There are many factors that have contributed to this feeling of “information overload” in the last decade. But this isn’t a new phenomenon. As writing became more common in Ancient Greece, Plato decried that “this discovery will create forgetfulness in the learner’s soul.” European scholars felt the abundance of books created by Gutenberg’s printing press was ruinous, even comparing it to an epidemic. And of course there’s the World Wide Web, with its ever growing glut of content and big data.
While writing and books aren’t bad-mouthed anymore (though this may depend on where you are), the age of the Internet may actually be the wave that really overwhelms us. Plato could never have imagined a constant stream of information flashing before your eyes in every waking moment. How can you make sure the content you produce is engaging?
Recommendations make navigating the world a little easier. Trusting something is easier knowing it has good reviews or that a friend actively enjoys it. Recommendation systems like Netflix’s movie recommendations or Spotify’s Discover Weekly are a much valued part of their respective platform. It is worth delving into how your work is being recommended – not just shared – especially if you’re in the process of crafting viral strategies.

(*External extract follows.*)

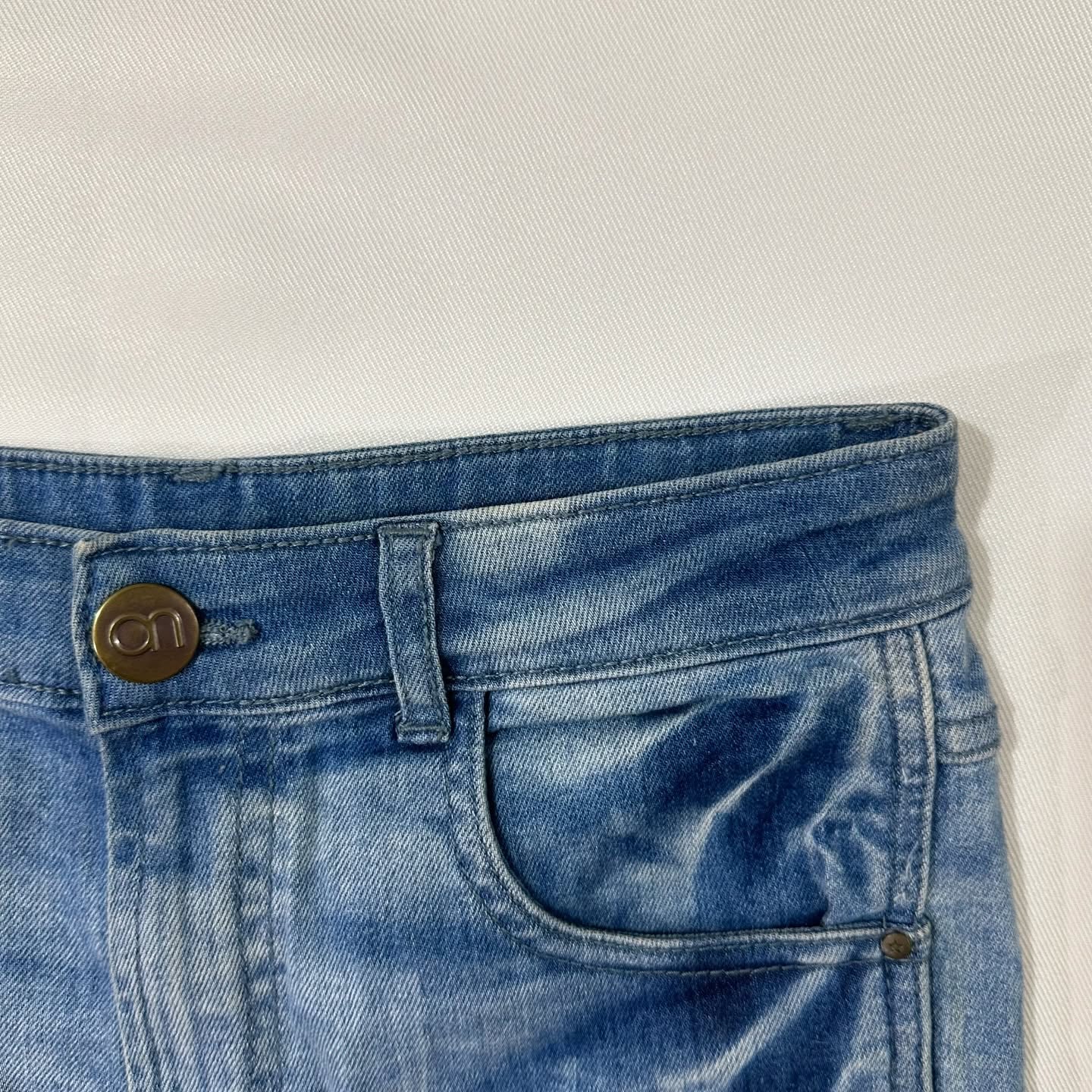 white detailing denim shorts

The future of big data is intelligent Recommendation AI that are capable of using all the data that’s out there about what others are reading and enjoying and using that data to recommend relating and engaging content. As machine learning and AI takes off, staying on top of the revolution is something I’d highly recommend.
No more clickbait
I have a bad habit of oversubscribing to email lists. If it seems tangentially related to something I’m interested or doing, I think “why not?” One of my favorites is CBInsights newsletter which focuses on analyzing the data of private companies and their markets. And my favorite thing about them is that their emails is that the subject line sounds natural. As a conscious consumer of content on the internet, I’m more likely to stay engaged if I don’t feel actively manipulated by what I’m looking at. Be cognizant of the articles you’re putting out and make sure they’re trying to provide real value; not just clicks.
Steal like an artist
Poet and author Austin Rheon’s book Steal Like an Artist lives on my coffee table. It’s small and square and very black, in fact its actual shape looks very artsy and creative. Rheon’s book has an interesting thesis – nothing is completely original and all creative work builds on what came before. And this artsy looking book that I originally bought for its looks holds a capital T Truth. Through the noise of all the information, anybody who cares about putting their work on the internet should be constantly stealing. Their is modern-day Library of Alexandria at all of our fingertips and this way, the Information Age is a blessing. There is so much to take from that there will always be a chance of finding inspiration. The web is full of great content, help showcase some of it by retweeting/curating.